Wednesday, July 14, 2010

Falling in Love

 I heard More Like Falling in Love by Jason Gray on the radio as we were driving home from church on Sunday.  It surely wasn't the first time I had heard the song, but in that moment, it was as if it was the first time, and it touched me in a new way.  I posted the video if you'd like to listen (if you read my blog via email or on Facebook, you'll have to go to my blog (bluefield5.blogspot.com) to view the video).

Do you remember what it felt like to fall in love?  That breathless, almost aching, thrilling, head over heels falling feeling, that always thinking about and wanting to spend time with the object of your affection?  I do.  But over the years, I have to admit, the excitement has faded.  Sawblock and I have been married for almost 15 years now, and we've become...comfortable.  Don't get me wrong, I love him more now than when we were in that falling stage, and he still can make my heart beat a little faster, but we know that each of us is in this for the long haul, and, as a result, I think we take each other for granted a little bit.  There are so many other things (including three little things named Code-man, Logo, and Bubby) competing for our time and attention, and we've become complacent in our courtship of each other.

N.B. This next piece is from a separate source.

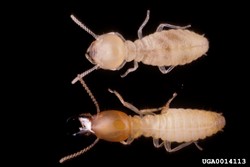 Photo 1. Adult worker (above), soldier (below), Formosan subterranean termite, Coptotermes formosanus.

As I listened to the song, I realized that that's exactly how I've been feeling in my relationship with God lately: complacent, comfortable, familiar, stagnant.  It's a knowing in my mind, in a reserved, stand-off way, rather than a knowing in my heart, in a personal, experiential way.  There are so many other things competing for my time and attention, that I've been taking God for granted, and I haven't been paying attention to God's wooing.  And that's exactly what I need: to be swept off my feet, falling in love, losing my heart again to the One who pursues me.

I think many of us need this reminder, that it's not about religion, it's about relationship.

"...I need more than a truth to believe.  I need a truth that lives, moves, and breathes.  To sweep me off my feet, it's gotta be more like falling in love than something to believe in.  More like losing my heart than giving my allegiance..."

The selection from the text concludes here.